EXERCISE DETAILS: Pictures excluded, copy all of the data below exactly.

---- DATA PROVIDED

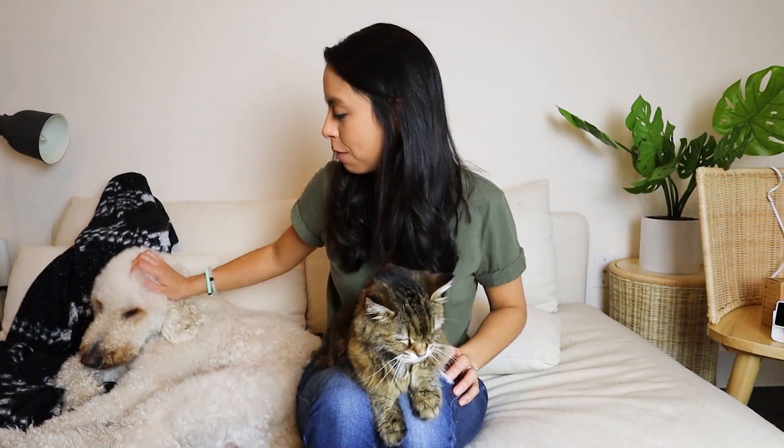I'll never forget the time I was checking on Bentley — we didn't even have Finn at that point — and I saw he was vomiting and he was sick and I rushed home. I ended up getting a speeding ticket — comment below if you want a story time on that. He ended up being fine; it was an upset stomach from something I had fed him the night before. But it was a good way for me to see that he needed me and I could run home and take care of him. Having the ability to do that is priceless.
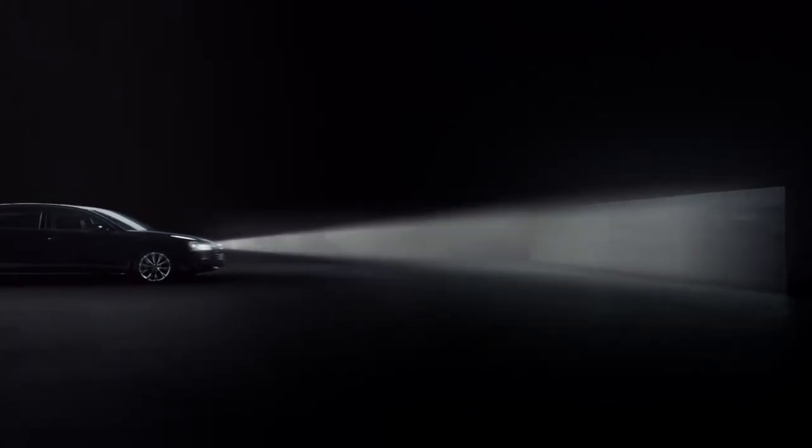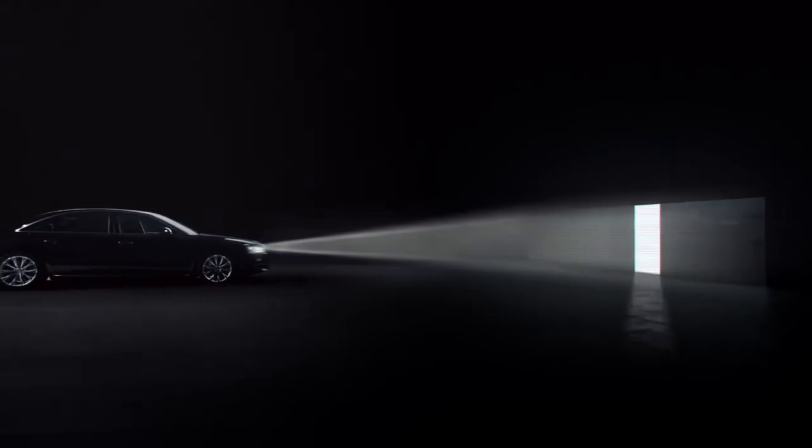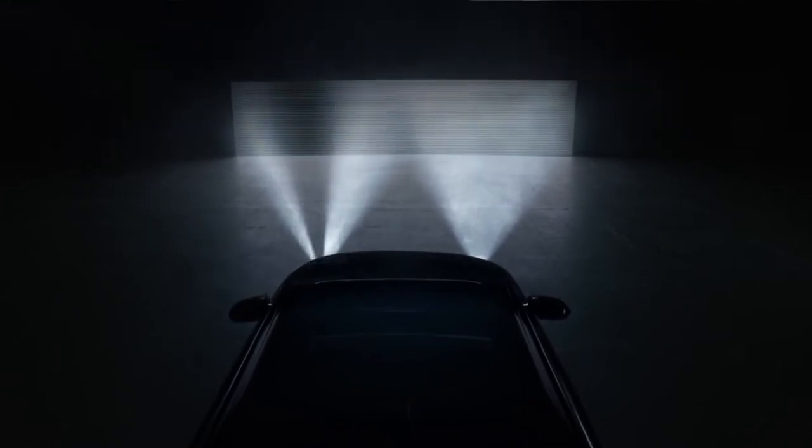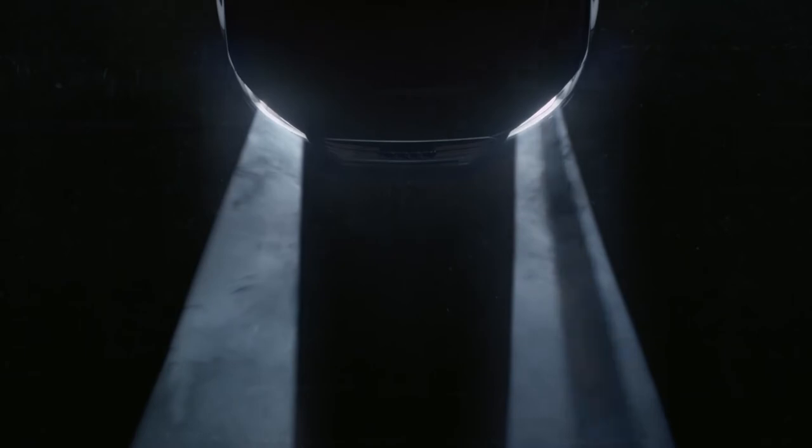How does the technology work? When light, represented by this LED screen, is detected by the headlights, each of the individual lights can switch on and off independently, which has the effect of splitting the full beam.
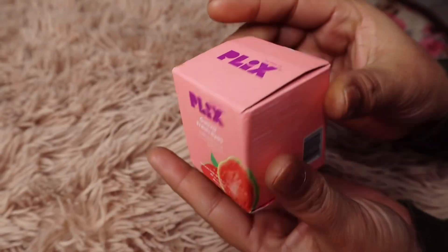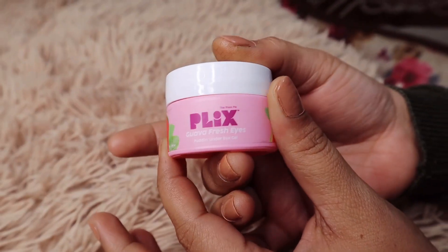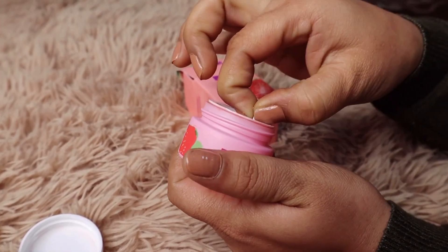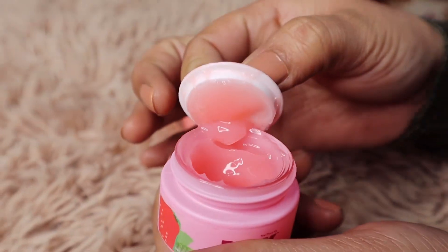I asked, why not give it a chance? After using a lot of things the results were in front of you, so I asked why not this. Today I am going to introduce it — I have been using it for a long time and the difference is in front of you. So this is the product, this is the Guava Under Eye Gel.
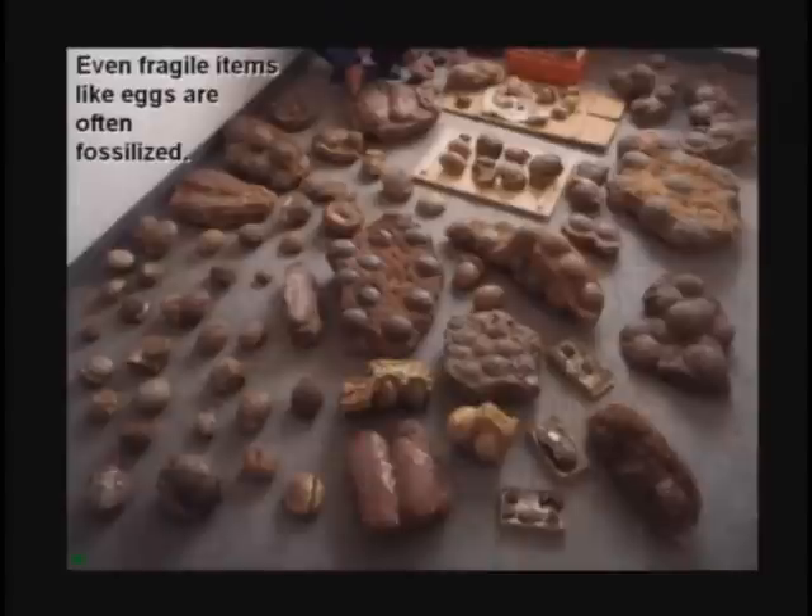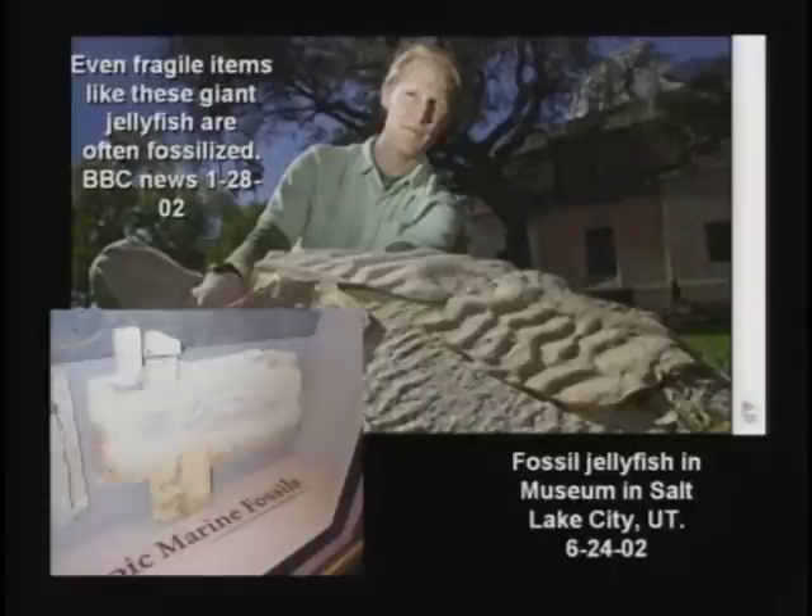Even fragile items like eggs are found fossilized. I believe the sediments would settle out of this flood — fine sediments would preserve things in incredible detail. Here's a fossilized jellyfish. We have a fossilized octopus arm in our museum. Soft tissue simply doesn't fossilize unless very special conditions are required. The Bible says...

--------

WRITTEN SOLUTION:
I'll never forget the time I was checking on Bentley — we didn't even have Finn at that point — and I saw he was vomiting and he was sick and I rushed home. I ended up getting a speeding ticket — comment below if you want a story time on that. He ended up being fine; it was an upset stomach from something I had fed him the night before. But it was a good way for me to see that he needed me and I could run home and take care of him. Having the ability to do that is priceless.
How does the technology work? When light, represented by this LED screen, is detected by the headlights, each of the individual lights can switch on and off independently, which has the effect of splitting the full beam.
I asked, why not give it a chance? After using a lot of things the results were in front of you, so I asked why not this. Today I am going to introduce it — I have been using it for a long time and the difference is in front of you. So this is the product, this is the Guava Under Eye Gel.
Even fragile items like eggs are found fossilized. I believe the sediments would settle out of this flood — fine sediments would preserve things in incredible detail. Here's a fossilized jellyfish. We have a fossilized octopus arm in our museum. Soft tissue simply doesn't fossilize unless very special conditions are required. The Bible says...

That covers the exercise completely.